Classification of Use Status for Dietary Supplements in Clinical Notes

Proceedings (IEEE Int Conf Bioinformatics Biomed). 2016 Dec:2016:1054-1061. doi: 10.1109/BIBM.2016.7822668. Epub 2017 Jan 19.

Abstract

Clinical notes contain rich information about dietary supplements, which are critical for detecting signals of dietary supplement side effects and interactions between drugs and supplements. One of the important factors of supplement documentation is usage status, such as started and discontinuation. Such information is usually stored in the unstructured clinical notes. We developed a rule-based classifier to identify supplement usage status in clinical notes. The categories referring to the patient's status of supplement use were classified into four classes: Continuing (C), Discontinued (D), Started (S), and Unclassified (U). Clinical notes containing 10 of the most commonly consumed supplements (i.e., alfalfa, echinacea, fish oil, garlic, ginger, ginkgo, ginseng, melatonin, St.
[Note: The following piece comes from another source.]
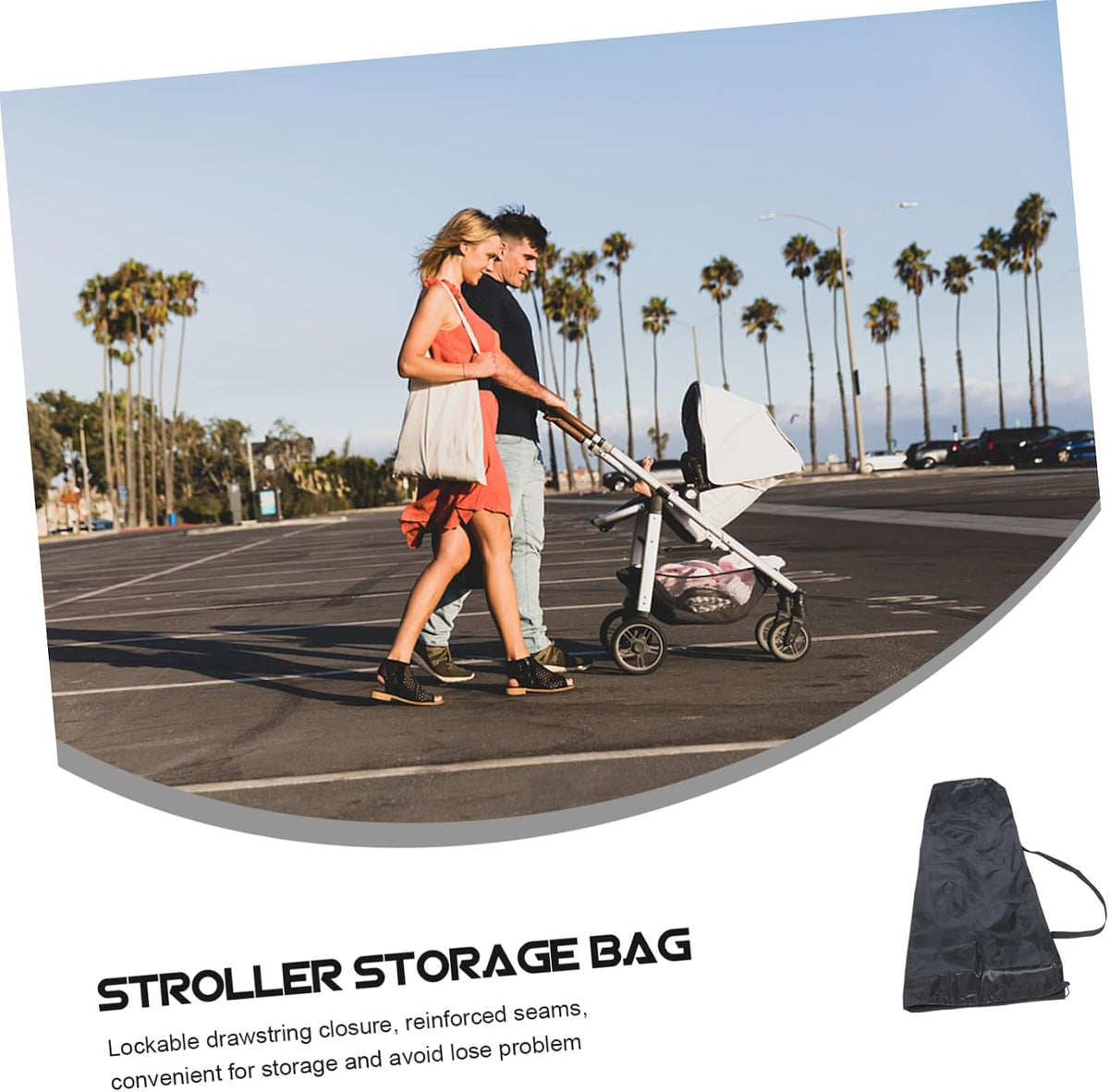 Baby Stroller Travel Storage Bag with Lockable Drawstring Closure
John's Wort, and Vitamin E) were retrieved from the University of Minnesota Clinical Data Repository. The gold standard was defined by manually annotating 1000 randomly selected sentences or statements mentioning at least one of these 10 supplements. The rules in the classifier was initially developed on two-thirds of the set of 7 supplements (i.e., alfalfa, garlic, ginger, ginkgo, ginseng, St. John's Wort, and Vitamin E); the performance was evaluated on the remaining one-third of this set. To evaluate the generalizability of rules, we further validated the second testing set on other 3 supplements (i.e., echinacea, fish oil, and melatonin). The performance of the classifier achieved F-measures of 0.95, 0.97, 0.96, and 0.96 for status C, D, S, and U on 7 supplements, respectively. The classifier also showed good generalizability when it was applied to the other 3 supplements with F-measures of 0.96 for C, 0.96 for D, 0.95 for S, and 0.89 for U. This study demonstrated that the classifier can accurately classify supplement usage status, which can be further integrated as a module into the existing natural language processing pipeline for supporting dietary supplement knowledge discovery.

Keywords: Clinical Notes; Electronic Health Records; Natural Language Processing; Regular Expression; Supplements Use Status.